Monday, February 10, 2014

5 Ways to Make Your Bedroom a Romantic Sanctuary

Valentine's Day is in just a few days, so love is very much on the brain. Last week, I wrote about keeping our marriage sacred. Today, along those same lines, I'm going to give you five ways you can make your bedroom a romantic sanctuary. Here we go!



Keep it neat. I'm the type that cannot relax if there's clutter and junk all over the room. When we come back from a trip, I try to unpack immediately. If it's been a hectic day and I'm completely spent, I at least toss the scattered clothes in the closet out of sight. It's just difficult for me to settle down and genuinely rest when I see unrest all around me. Our bedroom is my number one priority spot that I try to make sure is neat at all times. A crazy, unkempt room doesn't exactly scream "romance!"

Make it smell nice. Light a good candle. Wash your sheets regularly. Go get an Essential Oil diffuser. You don't want your bedroom smelling like dirty laundry or leftover chicken (or diapers for you parents!). Make your bedroom smell nice and inviting.

Keep the kids out. Now I am a big advocate of co-sleeping and attachment parenting. But too much of a good thing can be unhealthy. I had both of my children in my bed for pretty much the first month of their lives. Nathan slept in our room for nearly a year (thankfully, he is a very heavy sleeper!). With Selah being a light sleeper and very clingy, we made the decision to transition her to her own room before she began viewing our room as "her" room. It was tough and there were some interesting nights, but we are reaping the rewards now.

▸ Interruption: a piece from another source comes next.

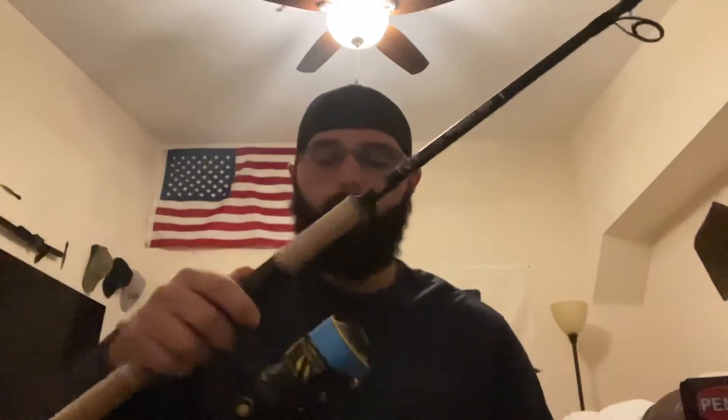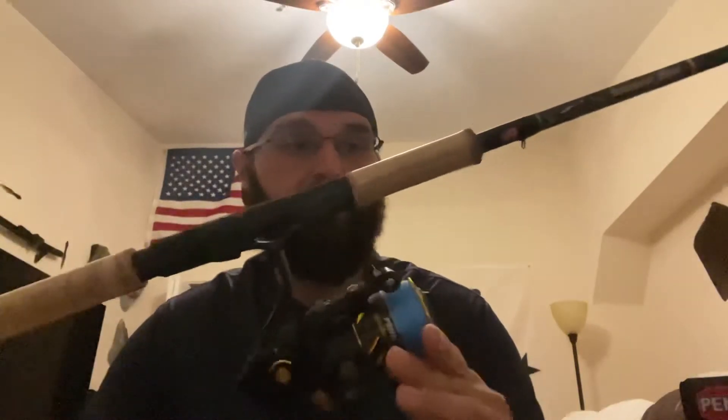This is going to be my jetty rod, my bridge and dock fishing rod — pretty much the setup I'll use to muscle snooks out of the structure. I'm running 40-pound braid, 220 yards on the Penn Slammer. The rod's line rating is 12 to 25, so 40-pound braid is not super heavy for this setup.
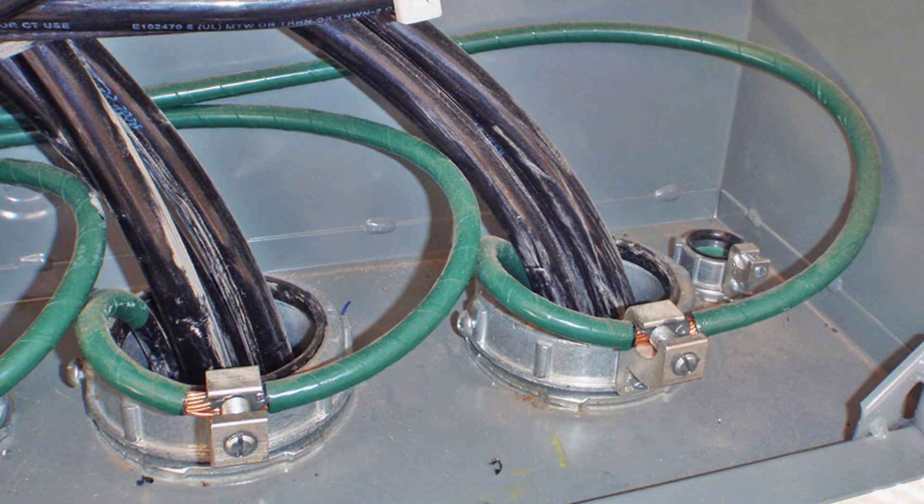The key purpose of a grounding bushing or bonding bushing is that it makes a hard ground to the conduit that's connecting into an enclosure. The collar screws down onto the threads of the conduit connector or the conduit nipple, and there's a set screw that you tighten that actually screws it right into the side of the conduit threads to make a good connection.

Our children are welcome in our bedroom and we love cuddling with them, but we began to teach them early on that their bedroom is where they will sleep. And honestly speaking, it's very hard to be romantic when you are worried about waking the sleeping baby three feet away....or snoozing right beside you! If we aren't careful, our kids will take custody of our marriage, so it is important to teach them that mommy and daddy's relationship comes first. And it's important that both you and your husband have YOUR place where you are free to relax and be with one another.

Don't have a TV. Grant and I decided before we married that we would not have a TV in our bedroom. TV is a romance killer and takes away from focused, one-on-one time for you as a couple. So ditch it. Spend your time together talking, sharing, cuddling, and sleeping without the distraction of a movie or television show.

Hang pictures of you as a couple. Your bedroom is about the two of you. And your relationship is above all other earthly relationships. Have reminders of that all around you.


What about you? Is your bedroom a romantic haven?